Summary of Impact: Between 00:57 and 03:40 UTC on 20 Nov 2019, customers and
services utilizing Azure Front Door (AFD) services were impacted by an
infrastructure service failure. This resulted in a loss of connectivity to
multiple services reliant on AFD.

Azure Front Door services provide Edge caching and network entry point
services to the Microsoft global network. This issue impacted a large
percentage of Microsoft Services, though not all services were impacted. Many
impacted services were able to initiate fail over from the AFD platform,
providing immediate mitigation to their customers.

Preliminary Root Cause: During a recent periodic deployment, initial safety
checks did not detect the issue and prevent the roll out. Monitoring detected
once service failure was experienced and alerted engineers.

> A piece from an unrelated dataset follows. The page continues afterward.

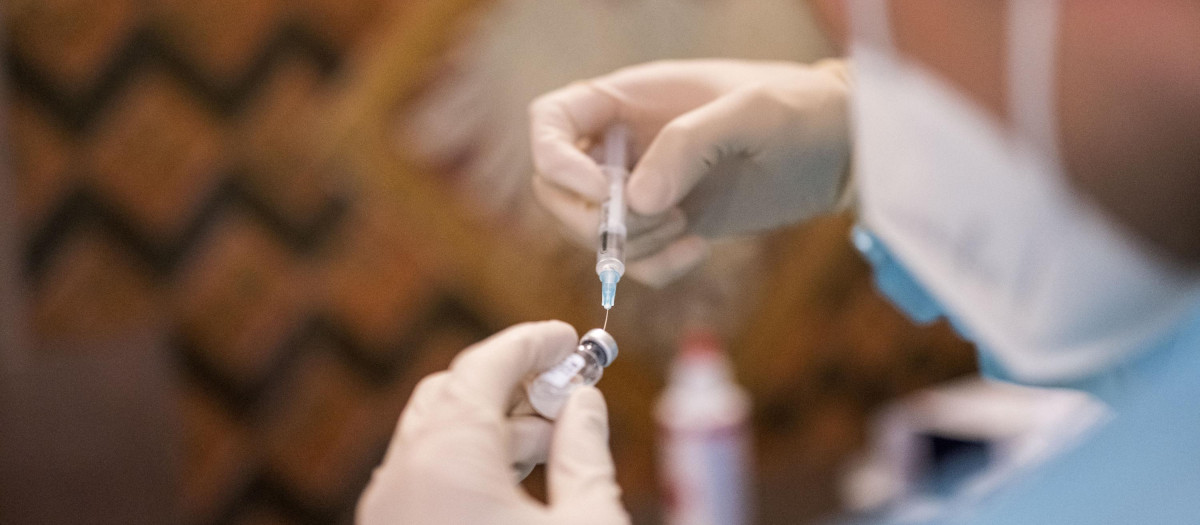 Un sanitario prepara una vacuna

Mitigation: Engineers immediately initiated deployment rollback procedures to
correct the underlying Azure Front Door issue. This was completed at 02:40 UTC
on 20 Nov 2019, at which point Impacted services began recovering.

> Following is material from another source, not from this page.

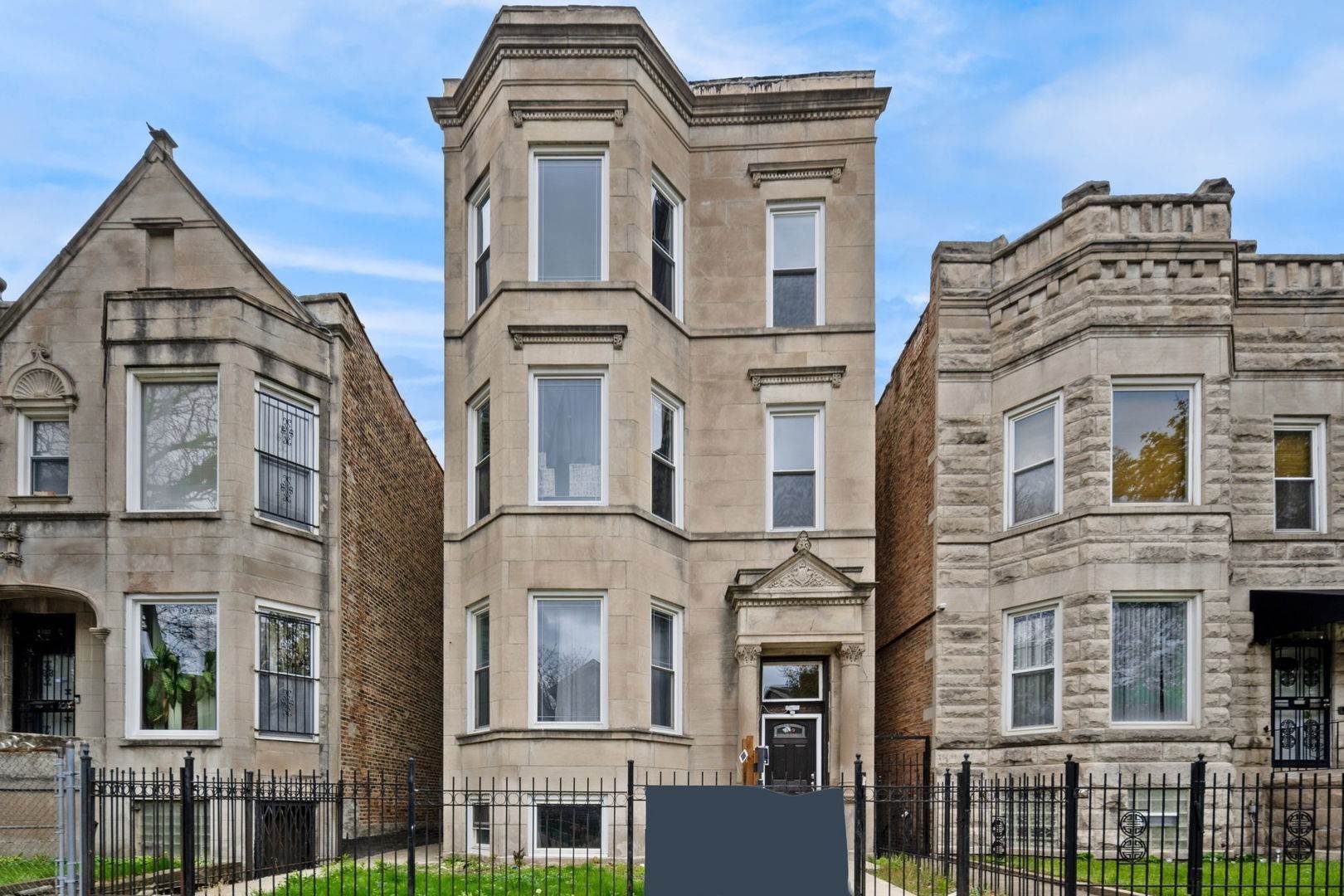 Single Family at Grand Boulevard, Chicago, IL 60615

A detailed root cause analysis will be published within 72 hours."
[https://status.azure.com/en-us/status/history](https://status.azure.com/en-
us/status/history)

------
banana_giraffe
[https://twitter.com/AzureSupport/status/1196966470619500546](https://twitter.com/AzureSupport/status/1196966470619500546)

Funny to me that the cloud companies haven't put their status page on not-
their-cloud.

------
sasanrose
Azure is so down. lol. Nothing loads for us. Even the status page.

------
LilBytes
Yeah, seems to be the case. Office 365 blipped and shortly after came back up.
Other services like OneDrive are unavailable, as is the Azure portal.

------
alexnewman
Our website stayed up hooray! hcaptcha.com

------
romelsongalia
I can't connect to tfs :-(